Desde entonces, el eslavo se recluyó en su casa de la medina, rodeado de los dos efebos, Mu'mina y la pequeña Naryís, la hija de su fiel criado, a quien había prometido antes de morir que la cuidaría como si fuera suya.

Una noche en la que, atormentado por la pérdida de parte de la biblioteca, Juan no podía conciliar el sueño, Mu'mina se acercó hasta su alcoba.

—Mi señor —siseó la joven desde la puerta.

—¿Eres tú, Mu'mina? ¿Qué ocurre?

—Me apena veros tan triste y abatido, mi señor. He creído que quizá pudiera calmar vuestra zozobra.

—Pequeña… Ven —musitó Juan.

Mu'mina se acercó hasta el lecho en el que Juan se había recostado. El eslavo la tomó de la mano y prosiguió:

—Sé que haces esto sólo por agradarme. Jalid fue mi mejor compañero, mi más fiel amigo. Durante más de cuarenta años me sirvió con lealtad y no se separó ni un instante de mi lado. Siempre estuvo presto a cumplir mis órdenes y atento para satisfacer mis más pequeños deseos. Tú fuiste su mujer y eres la madre de su hija, yo no puedo tomarte como concubina. Pero eres una mujer muy joven y atractiva, tu cuerpo rezuma amor y sin duda necesitas de un hombre a tu lado que sea a la vez un buen padre para la pequeña Naryís. Vuelve a tu habitación y descansa.

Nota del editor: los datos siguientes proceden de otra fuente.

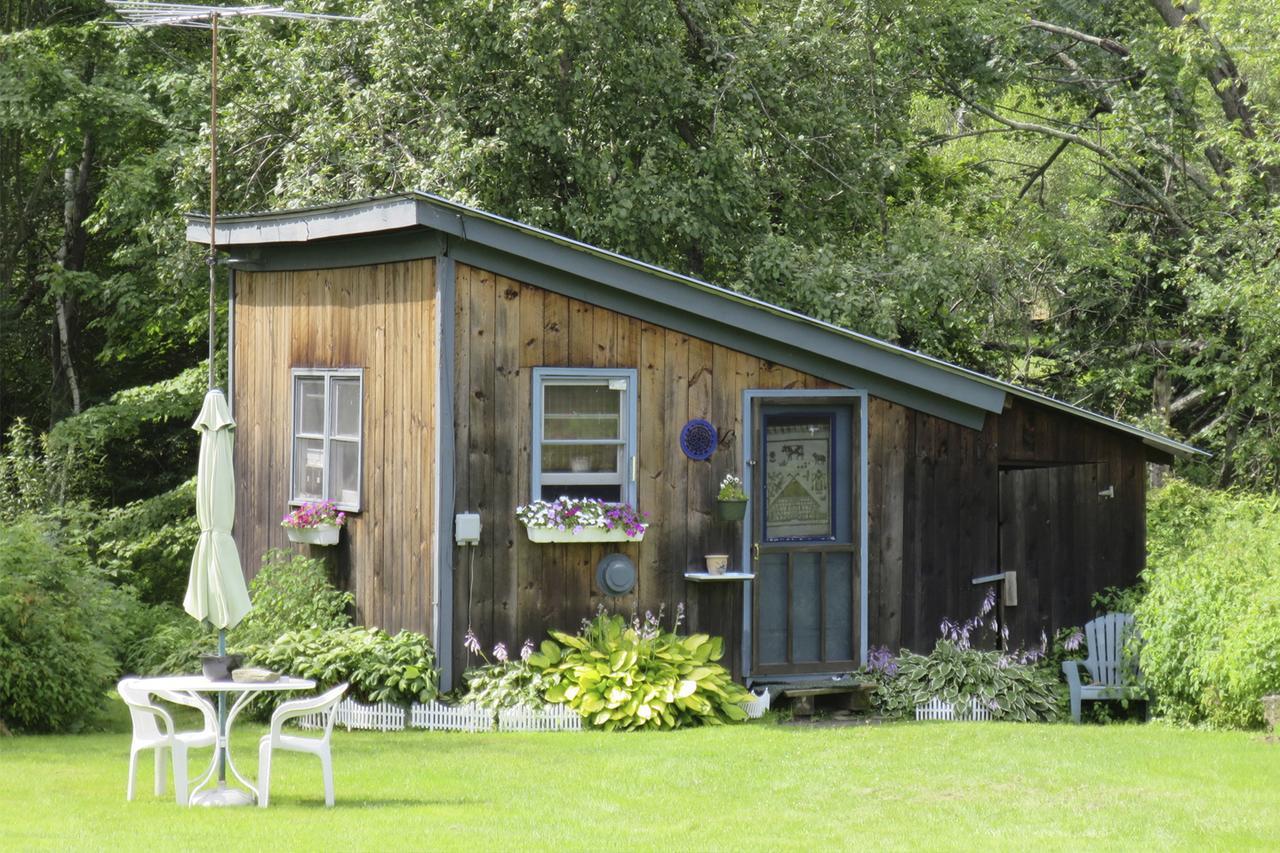 Firefly Bed & Breakfast Lincoln Екстериор снимка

—Entonces, ¿no os gusto, mi señor?

—Claro que me gustas. ¿Cómo podría rechazar un viejo como yo a una flor tan delicada como tú si no existiera el sentimiento de respeto al amigo? El Profeta ha dicho: «En adelante os están prohibidas vuestras madres, vuestras hijas, vuestras hermanas… vuestras hijastras que están bajo vuestra tutela…»} así te considero yo, no como una sierva, sino como la mujer de un amigo que casi fue para mí como un hermano. Queda en paz y vete.

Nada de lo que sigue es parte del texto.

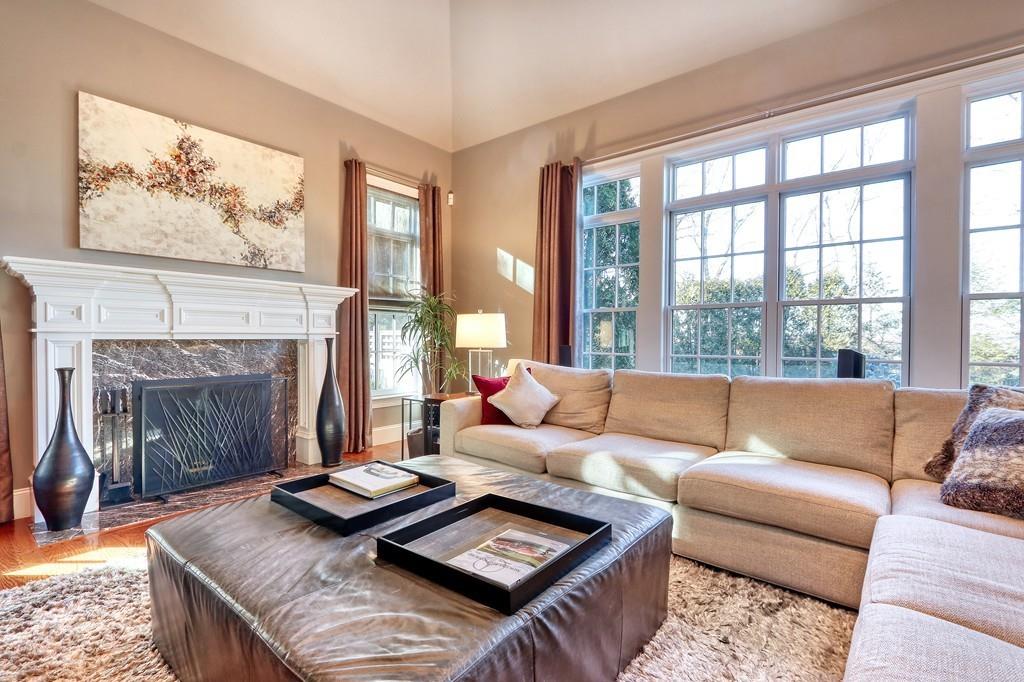 128 Kirkstall Road Newton, MA 02460 - Photo 9 of 38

Mu'mina se arrodilló ante el lecho de Juan, tomó su mano, la besó y deseándole buenas noches salió de la habitación.

Transcurrieron cinco años de calma. El rey de Aragón tenía demasiados problemas en su matrimonio. La reina Urraca había aceptado la nulidad del mismo, pero se arrepintió y regresó al lado de su marido. Alfonso la encerró en la fortaleza de El Castellar, cerca de Zaragoza, y la sometió a vejaciones y golpes. Por todas partes corrió la noticia de que los dos esposos no podían permanecer juntos y que Alfonso insultaba y golpeaba sin piedad a la reina.

Ocupado en sus trifulcas matrimoniales, en los asuntos castellanos y en mantener su posición, Alfonso relajó la presión que ejercía sobre el reino de Zaragoza, que sólo era incordiado por 'Imad al-Dawla, quien desde su inexpugnable fortaleza de Rueda y gracias al enorme tesoro que allí tenía depositado no cesaba de hostigar a los almorávides.